[RECORDS FOR PROCESSING — start]

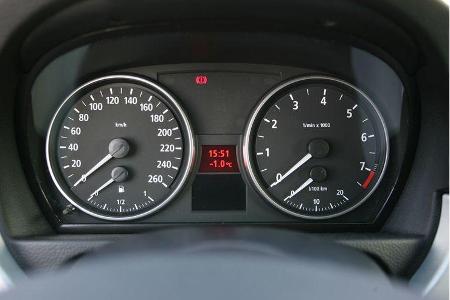 BMW 330i - Opel Vectra OPC 10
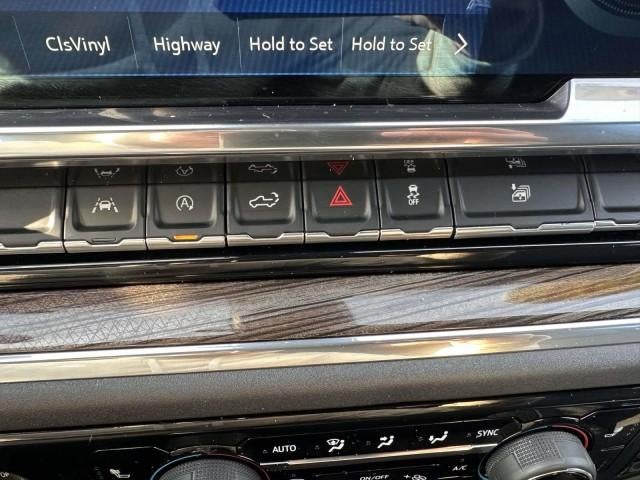 2024 Chevrolet Silverado 1500 Crew Cab Short Box 4-Wheel Drive LT 2FL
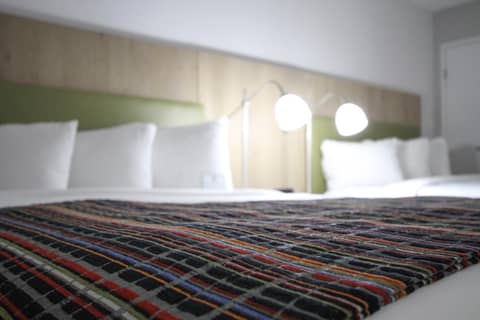 GreenTree Inn & Suites Phoenix Sky Harbor — photo 4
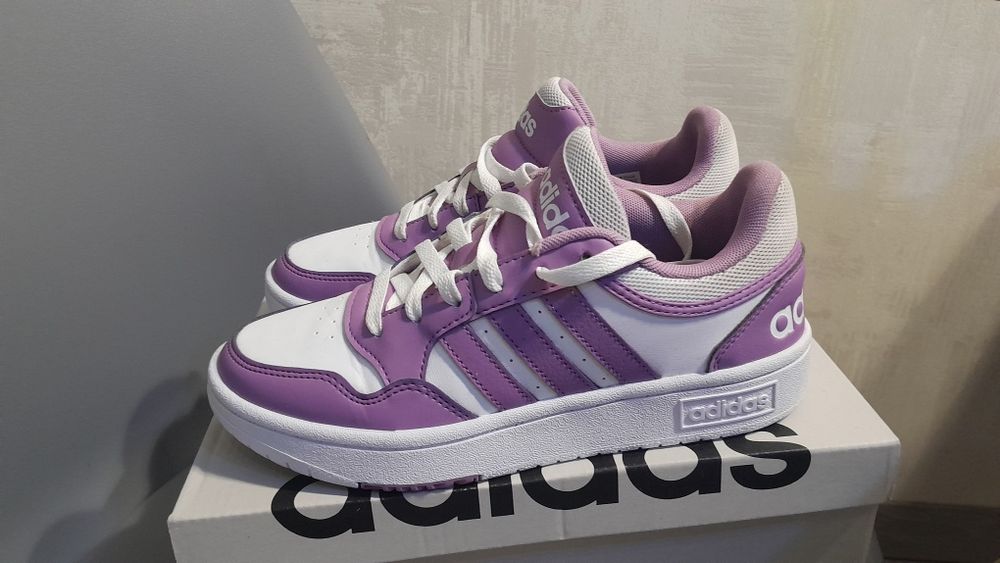 Кросівки жіночі  Adidas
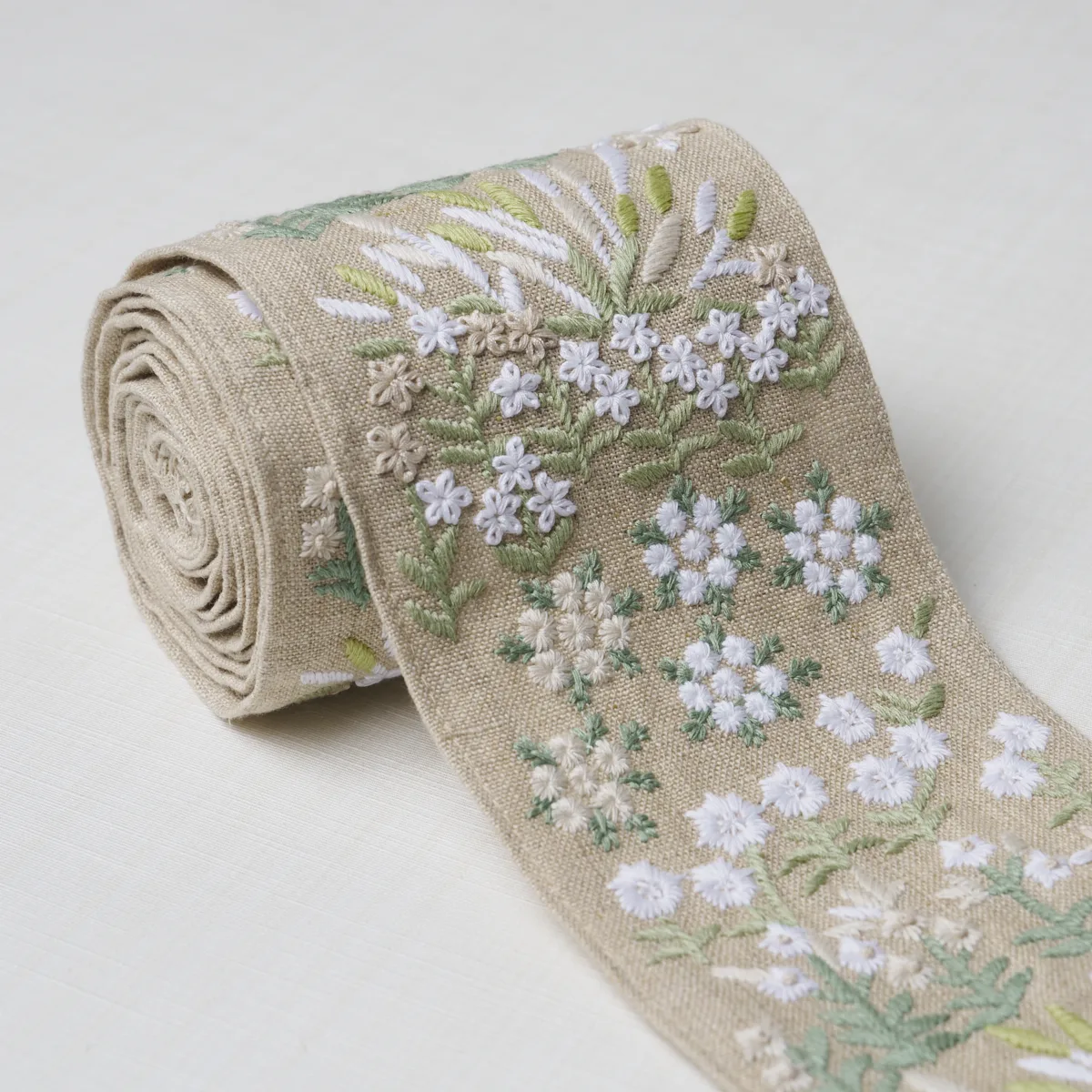 79314 | Lula Embroidered Tape - Green Schumacher Lula Embroidered Tape trim in Green (79314)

[RECORDS FOR PROCESSING — finish]

**TASK OBJECTIVE:** Write out the records shown above exactly, but do not include any images.

**SOLUTION:**
 BMW 330i - Opel Vectra OPC 10
 2024 Chevrolet Silverado 1500 Crew Cab Short Box 4-Wheel Drive LT 2FL
 GreenTree Inn & Suites Phoenix Sky Harbor — photo 4
 Кросівки жіночі  Adidas
 79314 | Lula Embroidered Tape - Green Schumacher Lula Embroidered Tape trim in Green (79314)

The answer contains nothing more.